Free garden plants this autumn

Semi ripe weigela cuttings

As we approach autumn and the summer growth on a lot of shrubs starts to become older and hardens off now is a good time to take some semi ripe cuttings.

Semi-ripe cuttings are taken from plant stems that are partially matured and have started to harden, but are not fully woody. Autumn is a good time to take semi-ripe cuttings of many deciduous plants, as the plants are slowing down their growth and preparing for winter dormancy.

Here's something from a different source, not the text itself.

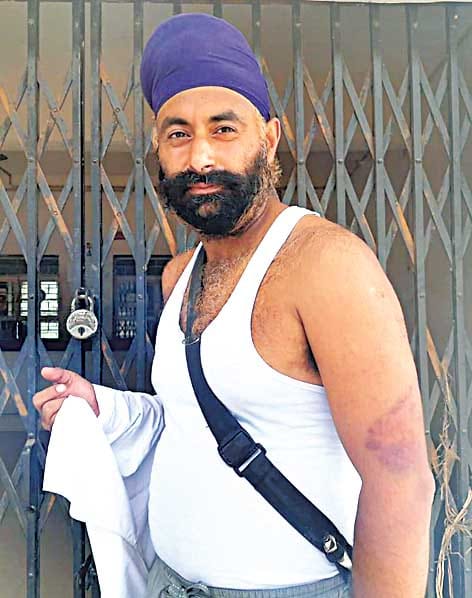 electric worker beaten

Some examples of plants that can be propagated from semi-ripe cuttings in autumn include:

  1. Roses – Select stems that have just finished blooming, but are not yet fully matured. Cut a 6-inch stem, remove the lower leaves, dip the cut end in rooting hormone, and plant in well-draining soil.
  2. Hydrangeas – Choose a healthy stem that is at least 4 inches long, and has several leaves. Remove the lower leaves, and dip the cut end in rooting hormone before planting in soil.
  3. Boxwood – Select a stem that is between 4 to 6 inches long, and has a few leaves attached. Remove the lower leaves and dip the cut end in rooting hormone before planting in a well-draining soil.
  4. Lavender – Choose a stem that is just starting to harden, but still has some flexibility. Cut a 4-6 inch stem, remove the lower leaves, and dip the cut end in rooting hormone before planting in well-draining soil.
  5. Camellias – Select a stem that is at least 4 inches long, and has some leaves attached. Remove the lower leaves, and dip the cut end in rooting hormone before planting in well-draining soil.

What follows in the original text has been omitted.